In a new paper, the team described the method as a scalable, energetically and environmentally viable solution to hard-to-recycle plastics. Unlike pyrolysis, the chemical recycling method often used for polyolefins, the new process uses a comparatively low temperature of 320 C.
The process showed yields of 81% for waste LDPE, 93% for HDPE, and over 95% for PP, including post-consumer forms of these materials.
The academics synthesised two catalysts, one of sodium on alumina and another of tungsten oxide on silica. They found that the first catalyst efficiently broke or cracked ethylene polymer chains, leaving one of the two pieces with a reactive carbon-carbon double bond at the end. The second, in turn, added the carbon atom at the end of the chain to ethylene gas, which the scientists constantly streamed through the reaction chamber, to form a propylene molecule. When applied to PP, the process produced the propylene monomer in combination with a hydrocarbon called isobutylene.

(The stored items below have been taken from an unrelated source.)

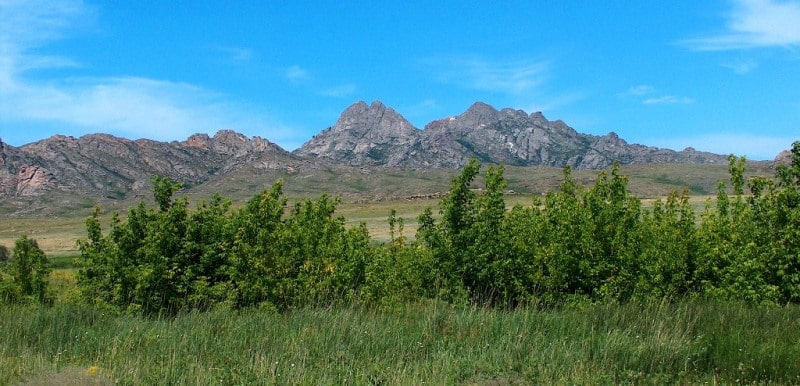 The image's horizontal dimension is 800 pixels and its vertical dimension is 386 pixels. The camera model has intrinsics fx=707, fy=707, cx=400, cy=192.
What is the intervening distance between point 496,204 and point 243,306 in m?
5.40

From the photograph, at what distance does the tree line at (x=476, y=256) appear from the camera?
13.4 meters

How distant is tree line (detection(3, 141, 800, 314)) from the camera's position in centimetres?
1338

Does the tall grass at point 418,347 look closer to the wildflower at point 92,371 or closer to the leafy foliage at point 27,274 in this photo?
the wildflower at point 92,371

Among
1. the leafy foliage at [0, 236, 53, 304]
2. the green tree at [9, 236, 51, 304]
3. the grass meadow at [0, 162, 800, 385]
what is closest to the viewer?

“You can’t get much cheaper than sodium,” John Hartwig, a UC Berkeley professor of chemistry who led the research said in a statement. “And tungsten is an earth-abundant metal used in the chemical industry in large scale. This combination of tungsten oxide on silica and sodium on alumina is like taking two different types of dirt and having them together disassemble the whole polymer chain into even higher yields of propene from ethylene and a combination of propene and isobutylene from polypropylene than we did with more complex, expensive catalysts.”
The team also tested adding plastic additives and different types of plastics to the reaction chamber to see how the catalytic reactions were affected by contaminants. They found that small amounts of these impurities barely affected the conversion efficiency, but small amounts of PET and PVC significantly reduced the efficiency. This may suggest that a scaled-up version of this technology requires separation of plastic waste, as already happens with other high-yield chemical recycling technologies.
“We have an enormous amount of polyethylene and polypropylene in everyday objects, from lunch bags to laundry soap bottles to milk jugs — so much of what’s around us is made of these polyolefins,” Hartwig said. “What we can now do, in principle, is take those objects and bring them back to the starting monomer by chemical reactions we’ve devised that cleave the typically stable carbon-carbon bonds. By doing so, we’ve come closer than anyone to give the same kind of circularity to polyethylene and polypropylene that you have for polyesters in water bottles,” he added.
Hartwig’s team shared its findings in ‘Polyolefin waste to light olefins with ethylene and base-metal heterogeneous catalysts’, recently published in Science.